Votra v. Village of Cambridge refines the boundaries among three recurring doctrines in winter sidewalk litigation. First, the storm-in-progress doctrine does not defeat claims that a separate structural defect concurrently caused the accident. Second, municipalities remain strongly protected by prior written notice laws; absent written notice or an immediate “affirmative creation” of the defect, municipal liability will be dismissed at summary judgment. Third, abutting landowners may face liability under the special-use doctrine for defects in driveway aprons or specially modified sidewalk areas, and they cannot sidestep that exposure by pointing to third-party easements where the fall site and abutting status do not align with the easement.

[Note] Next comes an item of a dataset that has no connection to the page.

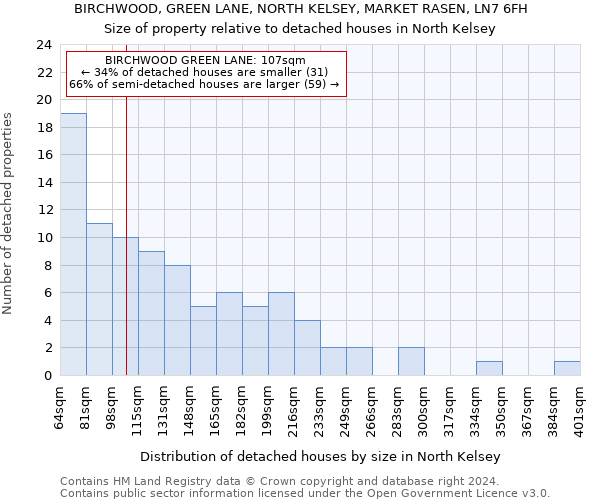 BIRCHWOOD, GREEN LANE, NORTH KELSEY, MARKET RASEN, LN7 6FH: Size of property relative to detached houses in North Kelsey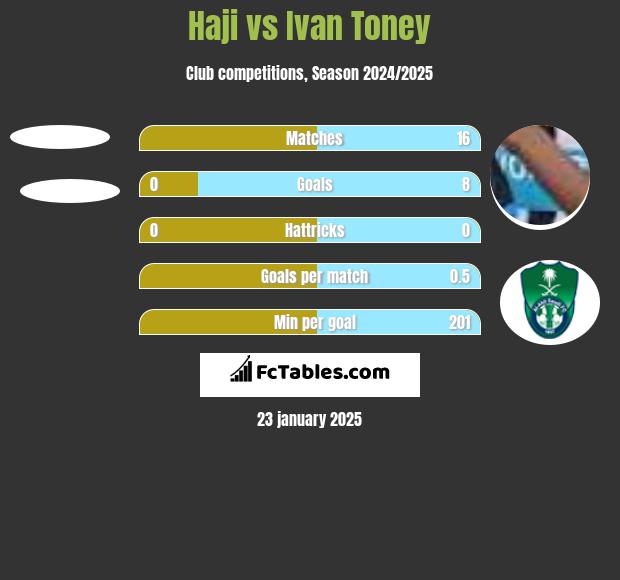 Haji vs Ivan Toney h2h player stats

The decision provides a clear roadmap for evaluating multi-causal winter falls: isolate the storm-related aspects from structural defects, apply the strictures of prior written notice to municipal defendants, and probe special-use facts for abutting owners. Going forward, litigants should expect closer scrutiny of driveway apron configurations and usage patterns, careful mapping of accident locations, and rigorous proof regarding written notice and narrow exceptions in municipal cases.

Case Details

Year: 2025
Court: Supreme Court of New York, Third Department

Judge(s)

Ceresia, J.

Attorney(S)

Altman Nussbaum Shunnarah, Boston, Massachusetts (Michael V. Longo of counsel), for appellant. Gerber Ciano Kelly Brady LLP, Buffalo (David P. Johnson of counsel), for Village of Cambridge, respondent. Smith Dominelli & Guetti, Albany (Christoper A. Guetti of counsel), for Michelle Vecchione and another, respondents.